China Makes Headway as a Lender of the Last Resort

China Makes Headway as a Lender of the Last Resort

According to a new study from Harvard Kennedy School, the World Bank, Kiel Institute for the World Economy, and the US-based research lab AidData, Beijing has dramatically expanded emergency rescue lending to countries in financial distress—or outright default. Between 2008 and 2021, China provided $240 billion in rescue loan operations to 22 countries with low foreign exchange reserve levels and weak sovereign credit ratings including Argentina, Belarus, Ecuador, Egypt, Laos, Mongolia, Pakistan, Suriname, Sri Lanka, Turkey, Ukraine, and Venezuela. In 2021 alone China allocated $40.5 billion in such funding.

“These operations include many so-called “rollovers,” in which the same short-term loans are extended again and again to refinance maturing debts”, says the research.

By comparison, in 2021 the IMF lent $68.6 billion to financially-distressed countries. In many ways, China has replaced the United States in bailing out indebted low- and middle-income countries.
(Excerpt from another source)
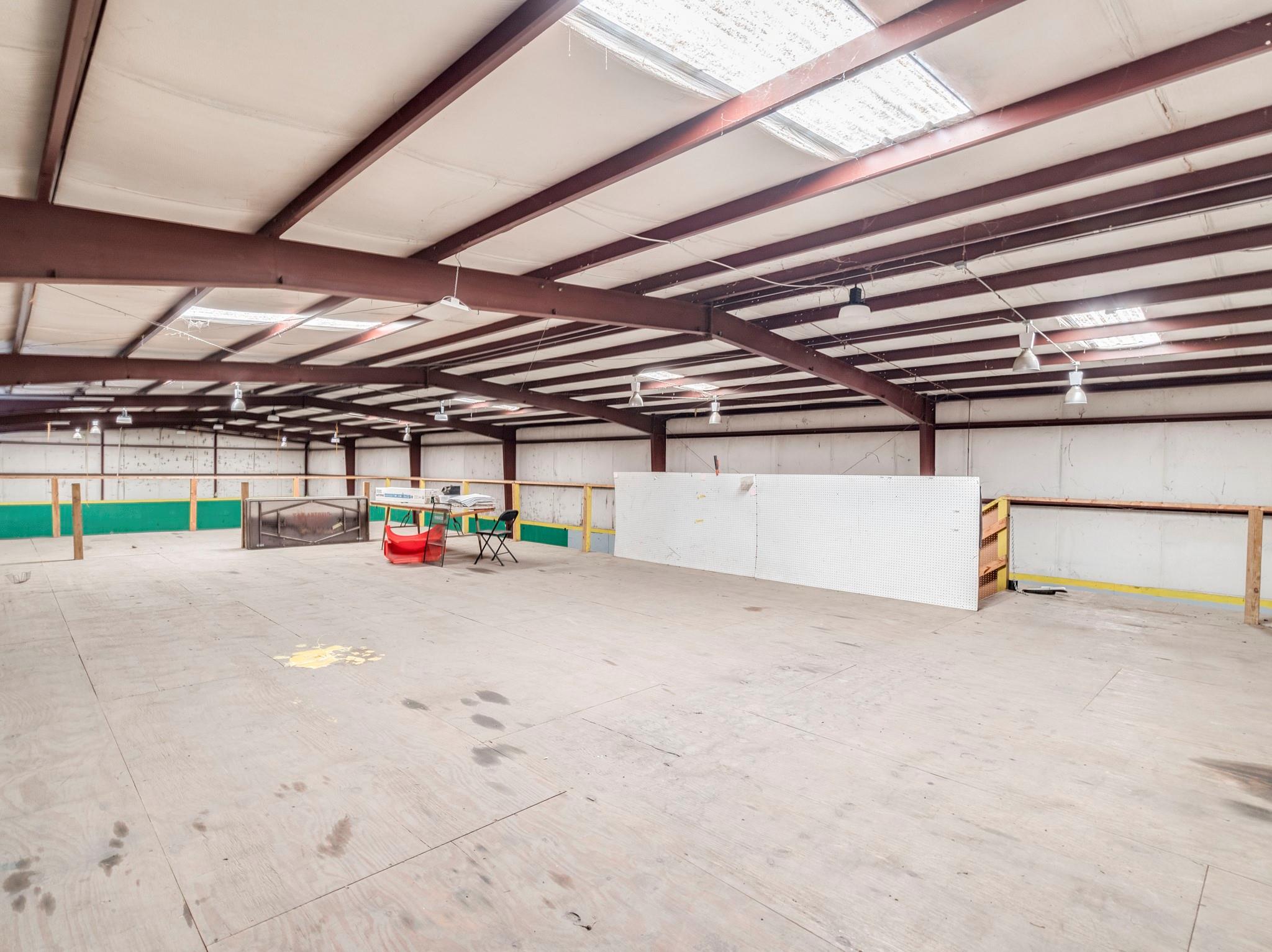 278 Edwards Dr, Kyle, TX 78640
The U.S. Treasury’s last large rescue loan to a middle-income country was a $1.5 billion credit to Uruguay in 2002.

The authors of the research also find that borrowing from Beijing in emergencies is not cheap: whereas a typical rescue loan from the International Monetary Fund (IMF) carries a 2% interest rate, the average interest rate attached to a Chinese rescue loan is 5%.

“Our findings have implications for the global financial and monetary system, which we see becoming more multipolar, less institutionalized, and less transparent,” said Christoph Trebesch, a co-author of the study. “We see clear historical parallels to when the US started its rise as a global financial power, from the 1930s onwards and especially after World War II.”

Another key finding of the study is that the global swap line network overseen by China’s central bank—the People’s Bank of China (PBOC)—has become an increasingly important tool of overseas crisis management. By 2022, the PBOC had used its swap line network to provide $170 billion in emergency liquidity support to central banks around the globe.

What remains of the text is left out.